The Twin Engines Driving Climate Disasters

 It’s been over 90 degrees where I live in Vermont for days on end. We can’t take evening walks, plant our gardens, or breath all that well since the Canadian wildfires first compromised our air so badly that some of us have experienced respiratory issues. We’re halfway through the summer and we have yet to spend time on the deck with friends. And all that happened before biblical floods started after record monsoon rains that just wouldn’t quit. 

 It's beginning to seem like we’ve been witnessing the final stages of our own well-crafted horror movie for a long time now and the credits are about to roll. Among them are extreme heat and massive fires, along with our prolonged denial of global warming and the urgency of acting to decelerate it.

 We’ve seen otherworldly orange skies, orange fires that resemble the surface of the sun, erupting volcanoes, cars, homes, and debris tossed around like toys in tornadoes, or floating away in immensely powerful rivers. On the news people are beginning to wander around looking like stunned zombies because they’ve lost everything and have no idea what to do next because things will never be normal again. We all know that there is more to come and our resources, financial and emotional, are running low.

 There are those who will say this is too doomsday a scenario to talk about, but we all know it’s going to happen again, and worse. We know that because climate change is rapidly driving unprecedented heatwaves that fuel wildfires -- the two engines hovering over us faster than we thought. We ignore it at our own peril.

 Here’s the reality. As the climate continues to warm, heatwaves will get worse – everywhere. It’s happening in Europe, China, India, the U.S. and pretty much everywhere. Temperatures are already soaring above 110 degrees Fahrenheit and towns in several countries are being forced to evacuate, including in Italy and Greece. Florida could be next. This is not hyperbole. Scientists have been warning us about a global pattern of rising temperatures largely due to human activity and too many of us chose to look away. Now even Pope Francis has called on world leaders to heed the Earth’s “chorus of cries of anguish.”

 “Every heatwave that we are experiencing today has been made hotter and more frequent because of climate change,” says climate scientist Friederike Otto, co-leader of a World Weather Attribution research collaboration.
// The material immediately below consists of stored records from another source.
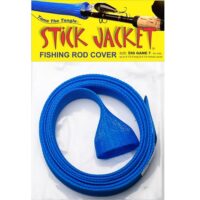 2071 BLUE BIGGAME7 STICK JACKET® FISHING ROD COVER (7'X5-3/4")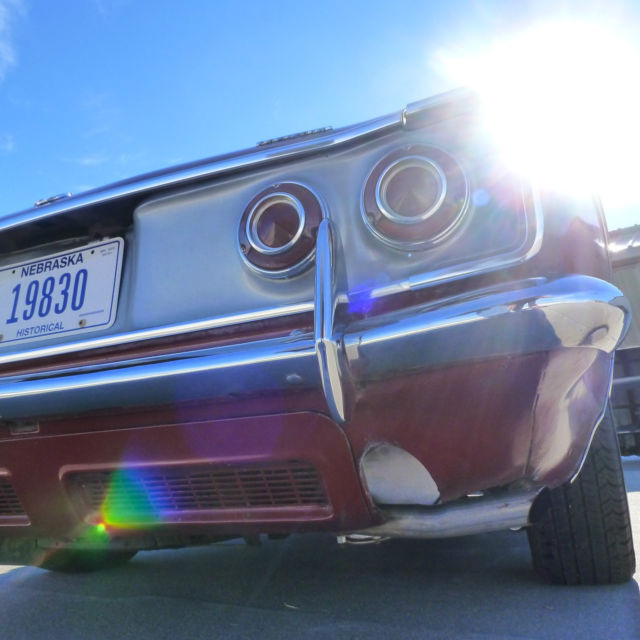 1965 Chevrolet Corvair - photo 8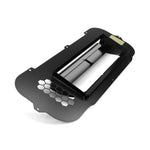 GrimmSpeed Top Mount Intercooler Splitter - Subaru WRX (GDA/GGA) MY02-03 - GrimmSpeed Thumbnail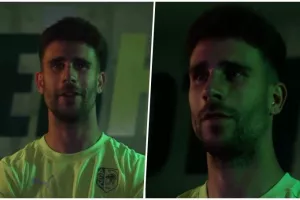 Suarez: “Χαρούμενος που ήρθα - Διάλεξα την ΑΕΚ για...”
 Scientists agree that manmade greenhouse gas emissions have rapidly heated the planet and further speculation and theories have led to hundreds of studies conducted for decades, especially   involving situations where heat, floods, and drought have occurred. The important thing is that the situation is getting worse and fast.  Heat events that happened once every ten years before are now three times more frequent, according to Zurich-based climate scientist Sonia Seneviratne.

 Hot, dry conditions help fires spread rapidly, burn longer, and rage more intensely. Heat also means less moisture is retained for vegetation so that it turns to dry fuel for fires. Kim Cobb, director of the Institute at Brown for Environment and Society, noted in June that treacherous heat and fire had burned a large area of the U.S. that month killing more than a dozen people. She said the events embodied the “multiple stressors linked to man-made climate change” that the United Nations has warned about through its scientific panel on global warming. “If ever there was a moment to stop and re-evaluate our fossil fuel emissions trajectory, that moment is now,” she said.
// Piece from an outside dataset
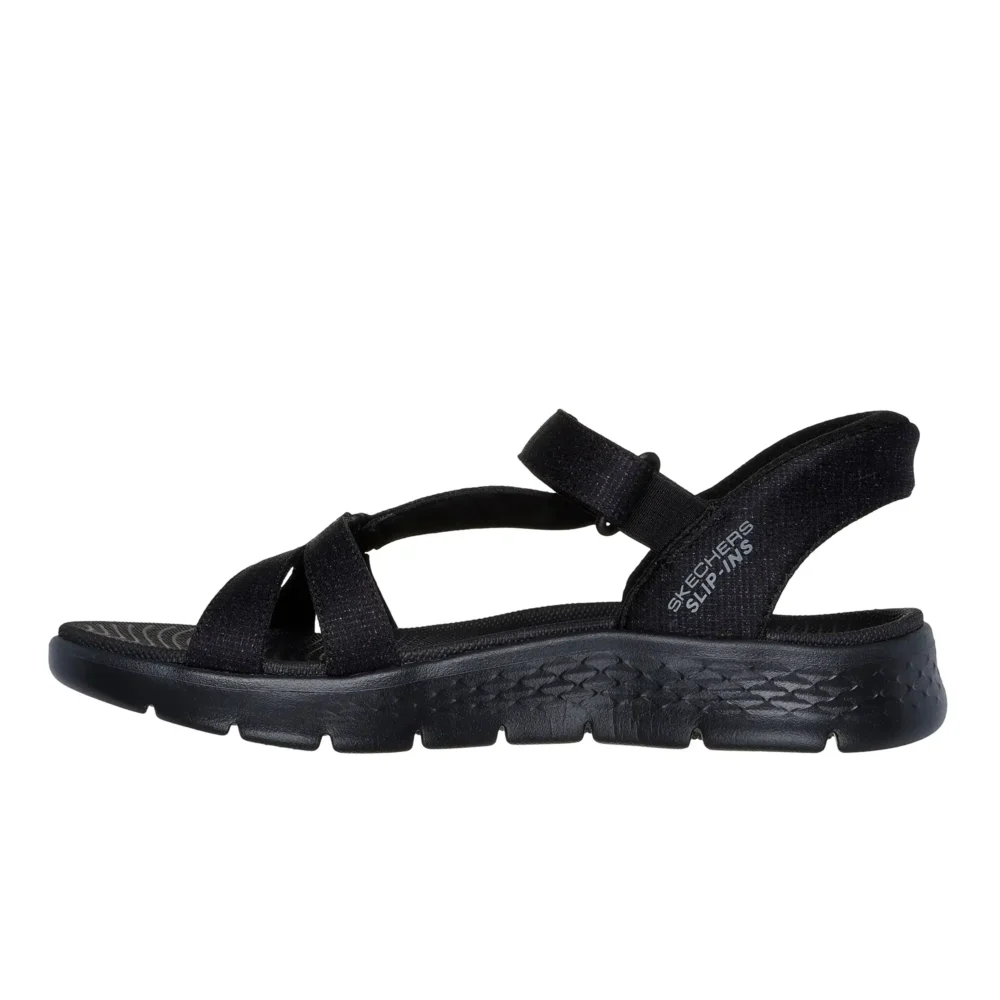 Go Walk Flex Sandal - Illumin – Image 3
 In his recent book, The Heat Will Kill You First: Life and Death on a Scorched Planet, writer Jeff Goodell says “global warming” sound too soothing, like we can just turn up the AC and all will be well. But, he says, the planet is burning and we’re running out of time, citing dying fish, melted asphalt, and melting glaciers.”  “When it gets too hot, things die,” he says simply.

 Noted environmentalist Bill McKibben, co-founder of 350.org, is another truthteller. “We can’t stop global warming at this point,” he told Democracy Now during a June 7th interview. “All we can do is try to stop it short of the places where it cuts civilizations off at the knees.” He calls on politicians and ordinary people to cut into the status quo. “This is the last of these moments we’re going to have when the world is summoned to action by events and when there’s still time to make at least some difference.”

I’m with him. The time is now to turn off the horror movie we have produced and get to work on saving our planet, ourselves, and our kids’ future. Maybe then we can go back to the backyard deck with our friends, no longer complacent, and ready to do what it takes.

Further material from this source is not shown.